The researchers studied individuals who aimed to have a lucid dream, in which a person is aware they're dreaming. Participants were briefed in communication tools before sleep. Some also practiced with sensory stimulation, such as beeps or lights. Participants were instructed to signal researchers when they experienced a lucid dream, usually with a sequence of left-right saccades, or eye movements.

Communicating during REM sleep

REM refers to the rapid eye movement phase of sleep in which lucid dreaming can occur. The researchers used polysomnographic data to confirm that study participants had reached the REM stage of sleep.

“We found that individuals in REM sleep can interact with an experimenter and engage in real-time communication,” says senior author Ken Paller from Northwestern University. “We also showed that dreamers are capable of comprehending questions, engaging in working-memory operations and producing answers. Most people might predict that this would not be possible — that people would either wake up when asked a question or fail to answer, and certainly not comprehend a question without misconstruing it.”

Lucid dreaming

Martin Dresler1While dreams are a common experience, scientists still haven’t adequately explained them. Relying on a person's recounting of dreams is also fraught with distortions and forgotten details. So Paller and colleagues – among which Martin Dresler from the Radboudumc and Donders Institute – decided to attempt communication with people during lucid dreams.

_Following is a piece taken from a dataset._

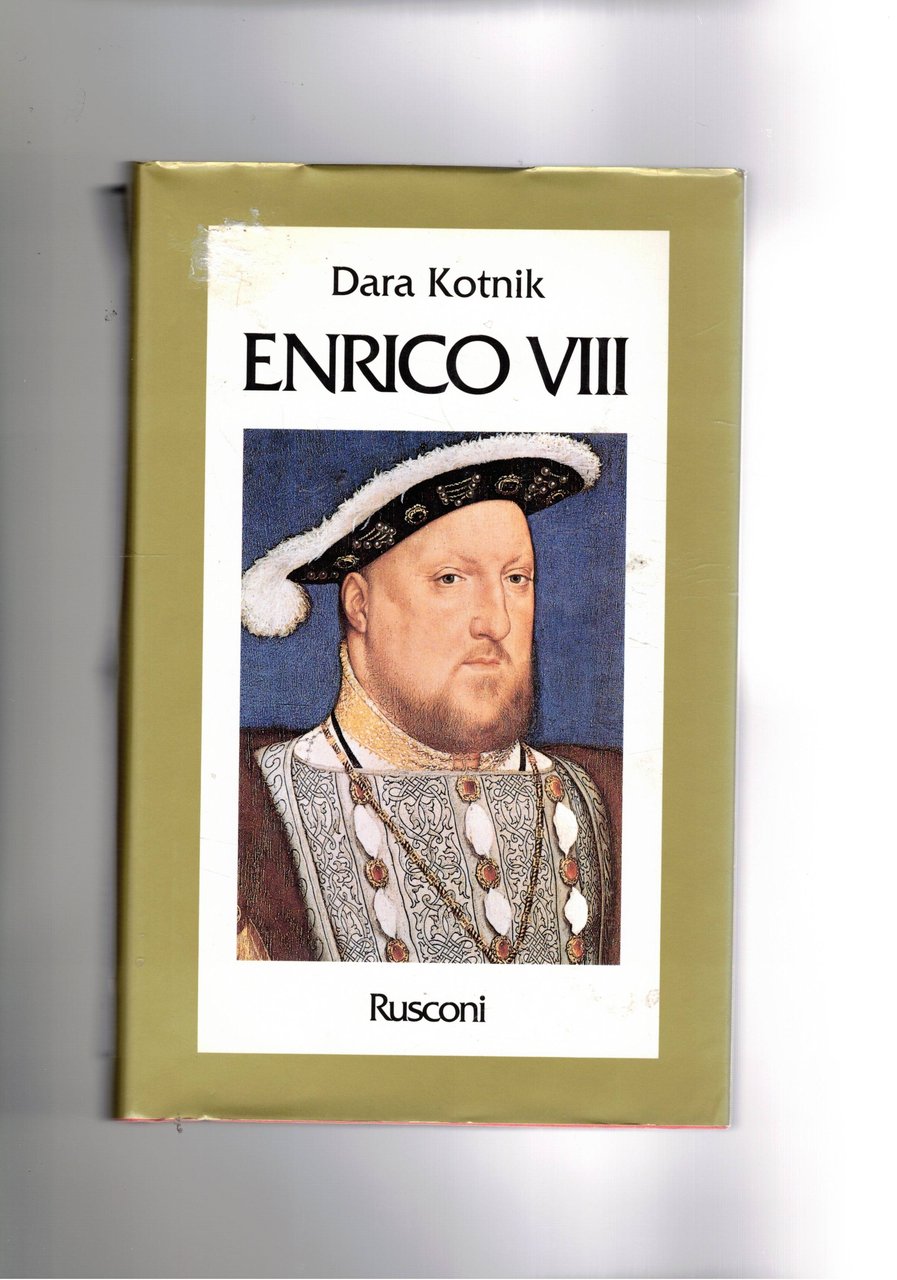 Enrico VIII.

"We aimed to communicate with dreamers who 'live' in a world that arises entirely from stored memories in the brain," Dresler explains. "If we could actually make contact, we would have a means by which we could learn more about dreams, memory, and the role of sleep in memory storage. That potentially opens the way for exciting follow-up research."

Several ways to talk to a dreamer

The paper includes four independently conducted experiments using different approaches to achieve a similar goal. Studies were conducted at the Donders Institute, Northwestern University in the US, Sorbonne University in France and Osnabrück University in Germany.

“We put the results together because we felt that the combination of results from four different labs using different approaches most convincingly attests to the reality of this phenomenon of two-way communication,” says first author Karen Konkoly from Northwestern. “In this way, we see that different means can be used to communicate."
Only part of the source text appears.